Nurses in Manitoba are feeling aggrieved, and for good reason.
Particularly at the Health Sciences Centre (HSC) hospital, nurses are facing serious issues that are making an already difficult job more difficult.
Because of an adversarial management, nurses are being forced to deal with mandatory overtime shifts and understaffing due to high vacancy rates.
More than this, nurses at the HSC have noticed an increase in the volume of patients overall, as well as instances of violence since the destruction of Manitoba’s healthcare system began in 2017.
More than just being grossly understaffed, the HSC is facing shortages in other spaces — in order to accommodate the influx of patients and alleviate stress, the hospital is in need of new beds in the emergency department.
All of these issues together have contributed to the Manitoba Nurses Union (MNU) considering “greylisting” the HSC. Greylisting is when union leaders recommend that union members or prospective members do not take jobs at a hospital due to poor working conditions.
The union has only employed this tactic three times in recent years — in 2001, 2004 and, most recently, in December 2007, when it greylisted the Dauphin Regional Health Centre for many of the same issues seen at HSC today — short staffing, safety concerns and abusive managers.
The tactic worked. By April 2009, the union felt the situation had adequately improved and no longer considered it greylisted. But it’s important to remember that all three times the union greylisted hospitals in recent memory, it was during the tenure of a New Democratic Party government — a government that generally cares about unions and public employees and does not dismantle public health care.
A greylisted hospital under a Brian Pallister-led Progressive Conservative (PC) government is uncharted territory.
During past greylistings, the union has worked hard with a mediator to solve issues within the hospital. But there’s reason to believe that this will not work with Manitoba’s current government.
When the University of Manitoba Faculty Association began the mediating process for collective bargaining during its 2016 strike, the current government took it upon itself to violate labour law by siding with the administration and meddling behind the scenes to undermine university faculty.
When it comes to a union-busting government, a fair collective bargaining process between labour and management is never to be expected.

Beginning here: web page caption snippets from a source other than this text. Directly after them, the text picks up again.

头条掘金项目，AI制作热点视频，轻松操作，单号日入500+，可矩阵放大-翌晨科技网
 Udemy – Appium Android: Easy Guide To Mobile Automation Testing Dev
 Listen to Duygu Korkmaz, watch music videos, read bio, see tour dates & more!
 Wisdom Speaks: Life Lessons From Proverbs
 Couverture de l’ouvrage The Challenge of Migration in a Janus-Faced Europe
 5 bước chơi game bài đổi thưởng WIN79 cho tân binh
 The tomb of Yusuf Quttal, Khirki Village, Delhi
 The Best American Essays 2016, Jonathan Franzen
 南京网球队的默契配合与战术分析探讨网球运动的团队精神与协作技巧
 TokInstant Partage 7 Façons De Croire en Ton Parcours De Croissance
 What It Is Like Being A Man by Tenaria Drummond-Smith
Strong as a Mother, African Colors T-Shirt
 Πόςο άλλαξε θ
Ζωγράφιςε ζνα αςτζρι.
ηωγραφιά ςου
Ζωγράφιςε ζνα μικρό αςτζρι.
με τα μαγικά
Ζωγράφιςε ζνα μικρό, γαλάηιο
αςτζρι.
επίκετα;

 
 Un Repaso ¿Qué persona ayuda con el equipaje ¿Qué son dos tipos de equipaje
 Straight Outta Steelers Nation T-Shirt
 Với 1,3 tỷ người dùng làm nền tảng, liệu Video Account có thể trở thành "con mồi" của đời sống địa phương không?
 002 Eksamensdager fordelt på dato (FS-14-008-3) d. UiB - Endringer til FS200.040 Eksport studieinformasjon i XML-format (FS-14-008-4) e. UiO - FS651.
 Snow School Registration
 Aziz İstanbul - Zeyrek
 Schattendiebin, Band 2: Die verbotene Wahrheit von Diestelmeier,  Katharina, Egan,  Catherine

The government may also use the union’s greylisting as an excuse to further ramp up its use of privately-contracted agency nurses in order to fill positions that union nurses will not take.
In April 2017, the province spent $15,097 on agency nurses. In January 2019, the province spent over eight times that amount.
There’s no reason to believe that a government so fond of privatization would not use any opportunity to further privatize health care and find permanent replacements for unionized nurses.
The PC-led government is at the centre of so many of the current issues that nurses are forced to grapple with.
The government is solely responsible for the hundreds of nurses laid off during the closures of three emergency rooms in Winnipeg. This has led to a situation where nurses are leaving the province or workforce entirely, with a decrease in 550 nurses in Manitoba between 2017 and 2018.
The issues at HSC are not an anomaly. It seems nurses around the whole province are being forced to deal with many of the exact same problems that nurses at HSC are having to deal with — more mandatory overtime shifts in exchange for less compensation and worse working conditions.
With detrimental measures and a failure to respond to substantiated criticism from an irrational actor like Pallister, drastic action is necessary. There are many parallels between the austerity of former premier Gary Filmon and the current premier, Pallister.
In 1991, during Filmon’s tenure as premier, Manitoba nurses went on strike for 31 days — the longest strike of nurses in Canadian history — in response to Filmon’s crushing austerity. They protested deteriorating working conditions and, in turn, a deterioration in patient care, and demanded more power, an improvement in working conditions and higher wages.
The strike was incredibly successful, leading to significant pay increases for both licensed practical nurses and registered nurses, as well as the creation of nursing advisory committees — with a mandate specifically designed to deal with nurses’ staffing, workload, practices and functions.
The MNU is in a perfect position to strike. Nurses around the provinces haven’t seen a wage increase in three years and their jobs are getting harder and harder.
With an adversary, waging a war on nurses, in control of the legislature and hundreds of nurses fleeing the province, now is the time to stand together and demand that — not just at HSC, but in the province as a whole — nurses are treated with the respect they deserve and their grievances are addressed.
Greylisting the HSC alone will not fix the systemic, province-wide problems that affect every nurse in Manitoba.
Nurses are some of the hardest-working people and have one of the most difficult jobs of any profession. The last thing they need is external pressures like austerity-driven provincial governments making it harder.
It’s time for nurses to call for solidarity and tackle the root of their issues head on.